WHAT IS REQUIRED.
Give the entries again exactly. Skip the pictures.

---- RECORDS FOR THIS EXERCISE

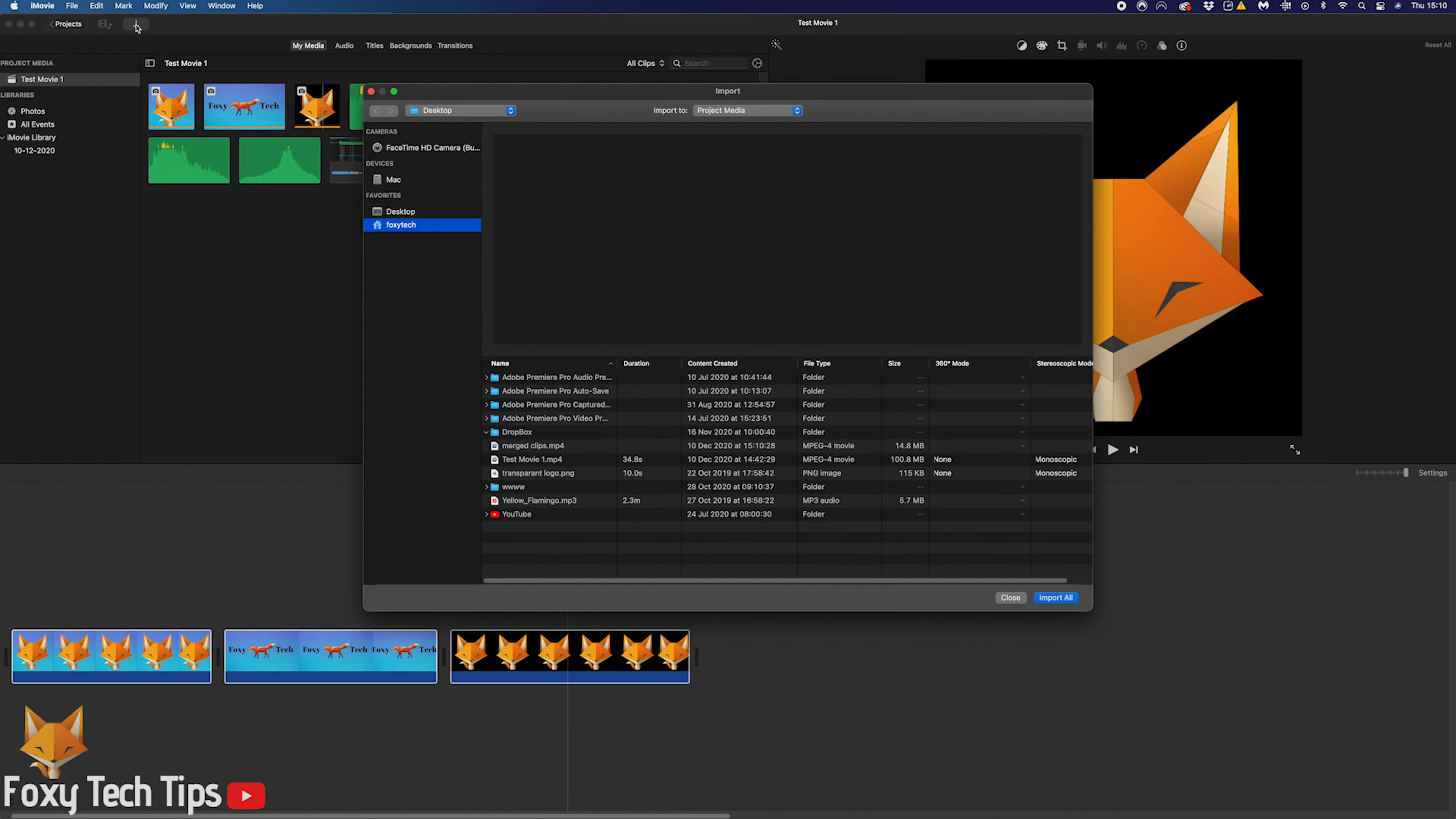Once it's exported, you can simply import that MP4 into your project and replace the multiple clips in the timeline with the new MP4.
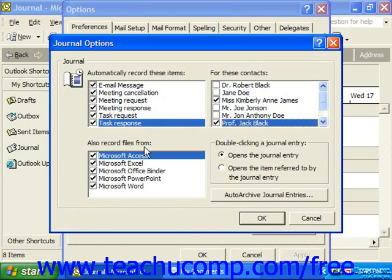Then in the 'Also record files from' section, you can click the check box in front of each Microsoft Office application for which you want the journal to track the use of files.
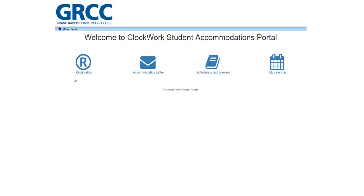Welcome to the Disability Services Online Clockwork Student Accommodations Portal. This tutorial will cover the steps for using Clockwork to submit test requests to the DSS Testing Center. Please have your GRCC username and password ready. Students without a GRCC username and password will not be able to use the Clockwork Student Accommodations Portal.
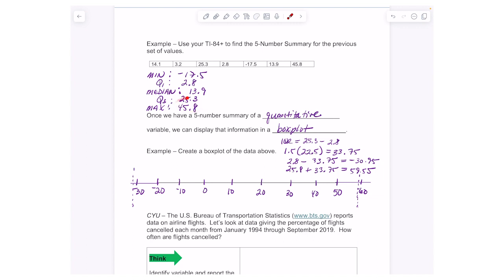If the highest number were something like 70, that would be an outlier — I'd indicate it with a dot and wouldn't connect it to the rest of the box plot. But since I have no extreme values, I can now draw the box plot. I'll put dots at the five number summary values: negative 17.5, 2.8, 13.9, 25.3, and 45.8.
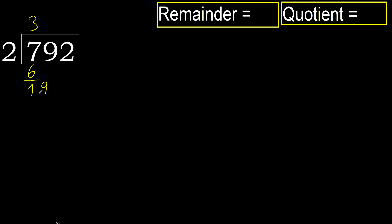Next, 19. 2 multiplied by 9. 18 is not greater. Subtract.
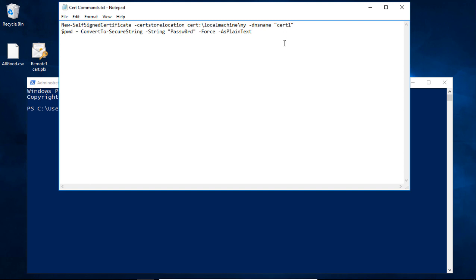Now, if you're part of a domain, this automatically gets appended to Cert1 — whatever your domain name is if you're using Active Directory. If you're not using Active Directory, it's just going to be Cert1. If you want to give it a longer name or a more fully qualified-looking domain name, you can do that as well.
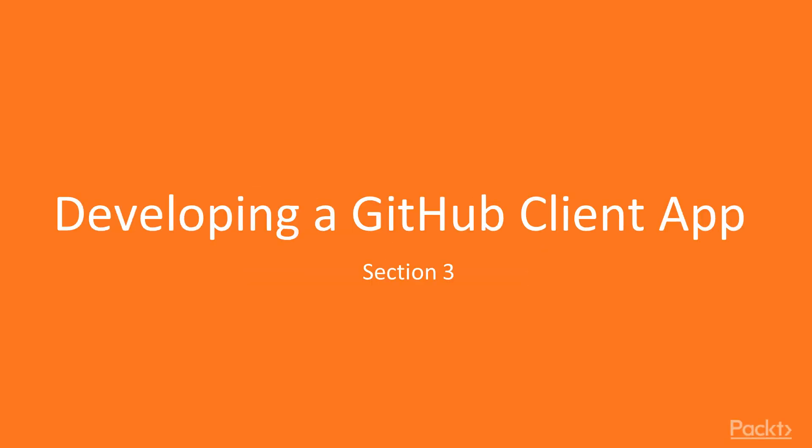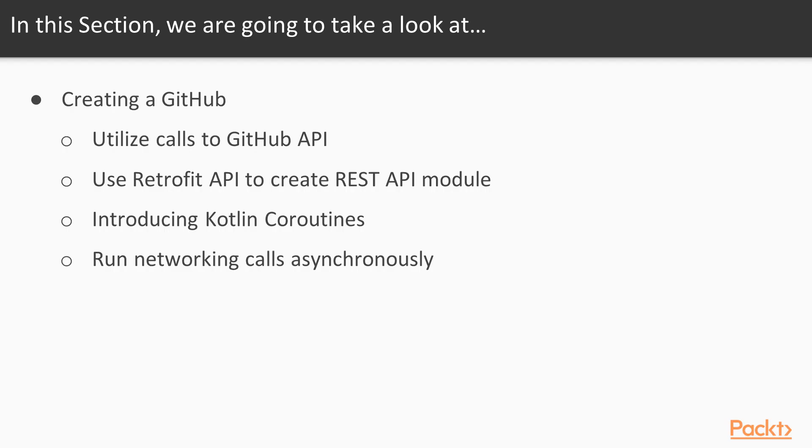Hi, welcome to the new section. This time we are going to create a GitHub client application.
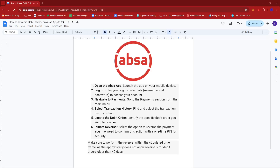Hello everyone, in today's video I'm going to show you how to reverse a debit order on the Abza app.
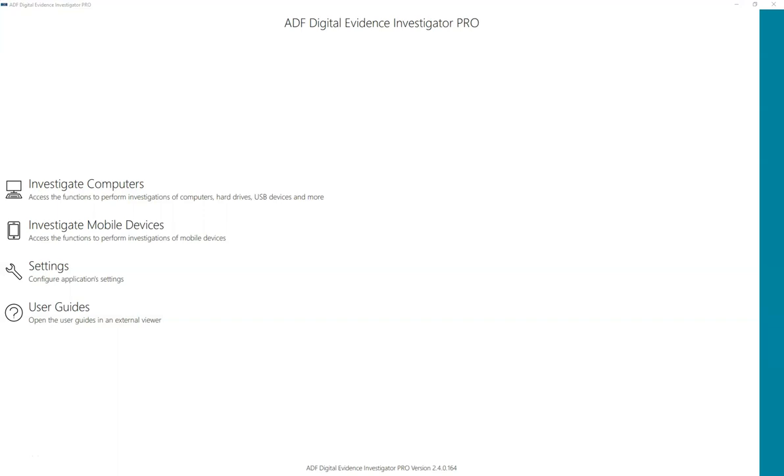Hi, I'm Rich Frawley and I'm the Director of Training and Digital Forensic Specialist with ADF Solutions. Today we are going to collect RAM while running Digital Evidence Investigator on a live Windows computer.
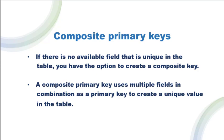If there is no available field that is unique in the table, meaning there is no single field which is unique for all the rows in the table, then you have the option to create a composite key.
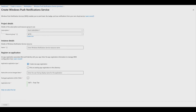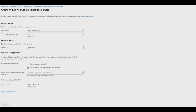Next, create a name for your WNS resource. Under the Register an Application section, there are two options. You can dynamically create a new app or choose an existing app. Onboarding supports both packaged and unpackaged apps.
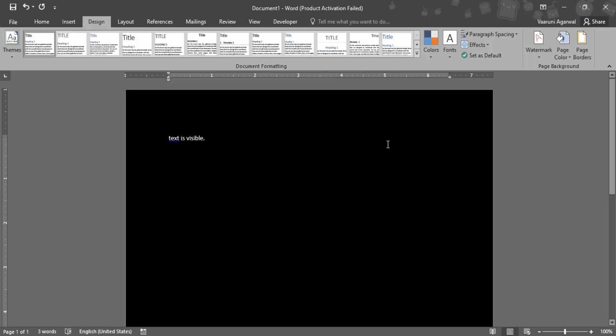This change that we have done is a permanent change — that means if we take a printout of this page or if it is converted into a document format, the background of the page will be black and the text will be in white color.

--------

EXPECTED ANSWER.
Once it's exported, you can simply import that MP4 into your project and replace the multiple clips in the timeline with the new MP4.
Then in the 'Also record files from' section, you can click the check box in front of each Microsoft Office application for which you want the journal to track the use of files.
Welcome to the Disability Services Online Clockwork Student Accommodations Portal. This tutorial will cover the steps for using Clockwork to submit test requests to the DSS Testing Center. Please have your GRCC username and password ready. Students without a GRCC username and password will not be able to use the Clockwork Student Accommodations Portal.
If the highest number were something like 70, that would be an outlier — I'd indicate it with a dot and wouldn't connect it to the rest of the box plot. But since I have no extreme values, I can now draw the box plot. I'll put dots at the five number summary values: negative 17.5, 2.8, 13.9, 25.3, and 45.8.
Next, 19. 2 multiplied by 9. 18 is not greater. Subtract.
Now, if you're part of a domain, this automatically gets appended to Cert1 — whatever your domain name is if you're using Active Directory. If you're not using Active Directory, it's just going to be Cert1. If you want to give it a longer name or a more fully qualified-looking domain name, you can do that as well.
Hi, welcome to the new section. This time we are going to create a GitHub client application.
Hello everyone, in today's video I'm going to show you how to reverse a debit order on the Abza app.
Hi, I'm Rich Frawley and I'm the Director of Training and Digital Forensic Specialist with ADF Solutions. Today we are going to collect RAM while running Digital Evidence Investigator on a live Windows computer.
If there is no available field that is unique in the table, meaning there is no single field which is unique for all the rows in the table, then you have the option to create a composite key.
Next, create a name for your WNS resource. Under the Register an Application section, there are two options. You can dynamically create a new app or choose an existing app. Onboarding supports both packaged and unpackaged apps.
This change that we have done is a permanent change — that means if we take a printout of this page or if it is converted into a document format, the background of the page will be black and the text will be in white color.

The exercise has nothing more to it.